さがみ

テーマ:曳山・歌舞伎
早いもので、もう今晩は線香番。曳山祭総当番による芝居の時間計測が行なわれます。長浜の場合、40分以内に収めることが求められ、どの町も最後の詰めに腐心しているところだと思います。

腐心しているといえば、浄瑠璃を語る我々も日々悩みながら細かいところの調整を行います。浄瑠璃の場合、間と節が肝心で、これは指摘されればなるほど自分でもおかしいと自覚することはできます。

困るのがいわゆる「訛り」。今回も、三役塾の稽古では「ま、こんなもんでしょ」と一応OKサインが出たものの、いざ振付の先生に聞いてもらいましたら、「そこ訛ってるよ!」と。

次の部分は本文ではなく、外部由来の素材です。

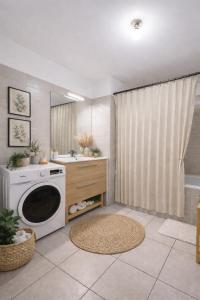 Opposite Metro 14, Cozy Guest Room with Garden & Free Parking, 5 min Orly Airport, 7 min Paris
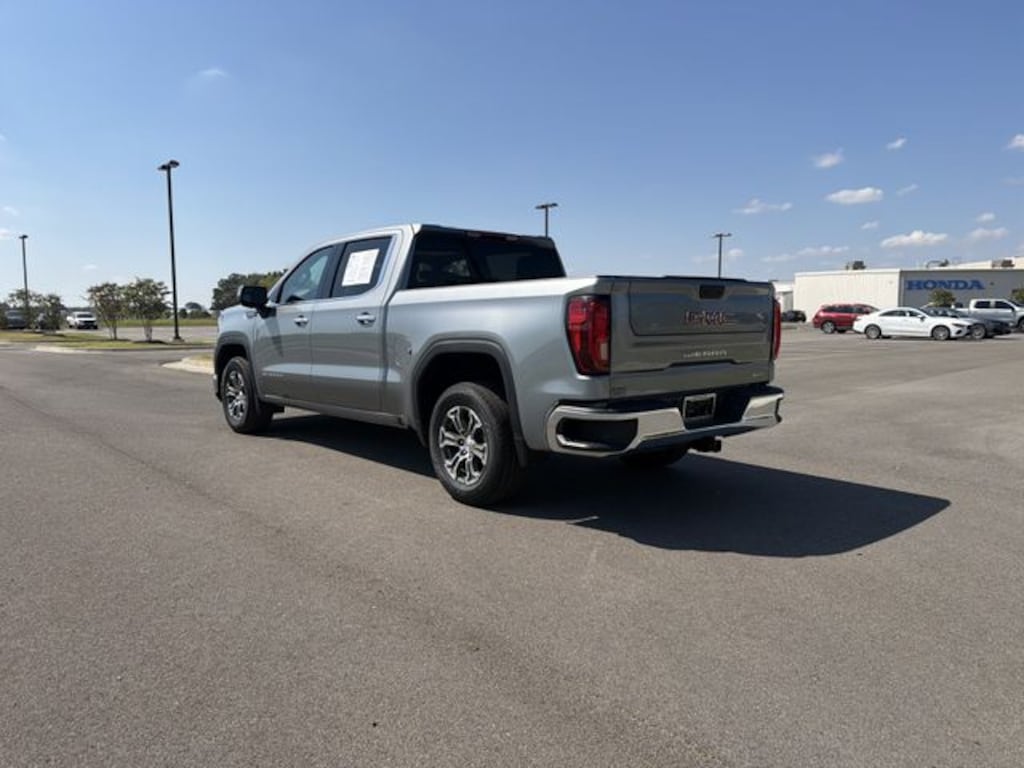 Used 2025 GMC Sierra 1500 SLT Truck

指摘された時は「あ、なるほど」と思うのですが、いざそれをいう段になると「あれ、どっちやったっけ」となり、考えれば考える程混乱します。本来浄瑠璃は上方のイントネーションが正式なのですが、長浜は言語的にも中途半端な地域ですので、例えば「あめ」や「はし」などの発音は、どっちだっけと迷います。

今回苦戦しているのが「相模(さがみ)」のイントネーション。相模というのは熊谷次郎の妻の役柄。芝居は「♪相模は、障子押し開き」という浄瑠璃で始まるのですが、ここの「さがみ」のイントネーションを間違うことはありません。

問題は、芝居の途中で「♪相模は夫の袂をひかえ」とか「♪相模見るより」など、節をつけずにあっさりと「さがみ」をいう場合。どうしても、「が」を強めに言ってしまうのです。で、「それは蕎麦屋のサガミやがな」と注意されるわけです。

そう、どちらかというと「さ」にアクセントがある「さがみ」でないとダメなんです。どうやっても納得できる「さがみ」が言えませんので、トイレでしゃがんで考えこんでしまいました。

そして、「そうだ!」と思いついたのが、「差が3」。差が「み(3)」だと思いながら「相模」を言うとほぼ間違えなく言えることに気がついたのです。ま、本番でも上手くいくかはわかりませんのやけど。

てなことを考えてやっていたら、「太夫さん!♪お役に立ったも因縁かや」のところやってみて。どうやら、「お役」が「お焼き」のイントネーションになっていたらしい。あ~ぁ、いつまでたってもお役に立ちませんな。